Well I guess funeticals brother-in-law was right, cause ol funs not been back since the water bag experiment. I miss his witty observations. Guess I'll have to try the water bag thing in the spring and see what happens. If I disappear also you might not want to try the hanging bag thing...


----------



## oldognewtrick (Mar 24, 2010)

Come on funetical, give us an update. Somone else is having fly problems. See other post, did this work?


----------



## funetical (Mar 24, 2010)

Funny I get the occasional email which brings me back. I guess it did. I still think my brother in law is a moron, but unfortunately correct. He still thinks it has something to with their eyes but I think it the refraction of light appearing to be motion that scares them.


----------



## oldognewtrick (Mar 24, 2010)

funetical said:


> *I still think my brother in law is a moron*, but unfortunately correct. QUOTE]
> 
> Yep, got one too...


----------



## funetical (Mar 25, 2010)

Aren't they the greatest. For a know it all he doesn't know much.


----------



## saltbranch (Jun 1, 2011)

One of the old Mexicans at work told me about this method.....claims it works. Told me thats why mexicans are smarter than white people, mexicans hang bags of water that last and white people buy sprays that float away in the wind...LOL(not racist, its an on going Joke between him and I)
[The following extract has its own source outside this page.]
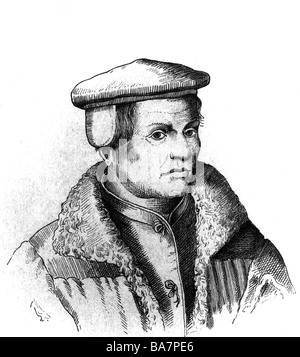 Muentzer, Thomas, ca. 1490 - 27.5.1525, deutscher Geistlicher, Porträt, Holzgravur, 19. Jahrhundert, Stockfoto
Anyways he claims its the way the bagged water fractures the light, thats why the flies keep away from it.


----------



## BritKnee (Jun 1, 2011)

works for me. and the above posts are correct. It's their eyesight. Look thought a hanging bag of water and tell me it wouldnt be mind blowing if you were a 1/4 inch long. 

now imagine that your eyes are like the first pic and your vision is like the second.












Id stay away from hanging bags of terror too!


----------



## oldognewtrick (Jun 8, 2011)

fizzer said:


> that sounds so freaky i dont think that there is actually any reason reason behind this stupid way of getting rid of flies......i'll suggest just use flies spray from any reputable company and that's it you are done.....



Oh...I beg to differ. Funectuals idiot brother-n-law has sorta, semi, almost proven this kinda works.


----------



## its4sandra (Jul 9, 2012)

Does it work indoors where there isn't sunlight?  I have a prepubescent boy who leaves mostly drank cups of milk all over his room that invite a fly population.


----------



## its4sandra (Jul 9, 2012)

As for the BBQ, we had dogs and the same problem with flies around the deck.  After much research I planted lavender and peppermint around the deck.  It looked nice, smelled nice and helped keep flies and wasps away.


----------



## notmrjohn (Sep 21, 2012)

The water bags seem to be a periodic fad around here. They'll be hanging in restaurant patios, people ask about them, they sjow up at homes. Somebody writes to paper or TV, flurry of bags, letters yea and nay, just like here, all kinds of theories. My fave, fly approaches bag, sees magnified reflection of big scary eyes, flees in terror. :hide: Perhaps it is people going to bags to see what they are or if they are working that terrifies flies.

Then all the sudden the bags are gone. People realize they do nothing. Even see flies on bags. Few years later it starts again. Some restaurant hangs bags....

If you fill plastic milk jugs with water, put one at each corner of yard, dogs will not do their bizness on yard. Lady down the street did it, said some friend told her about it, so she did it. Said that since she put um out not one dog had messed her yard. I asked if that had been a problem before, she looked at me for a while with her mouth open like she was gonna say somethin. Next day jugs were gone.


----------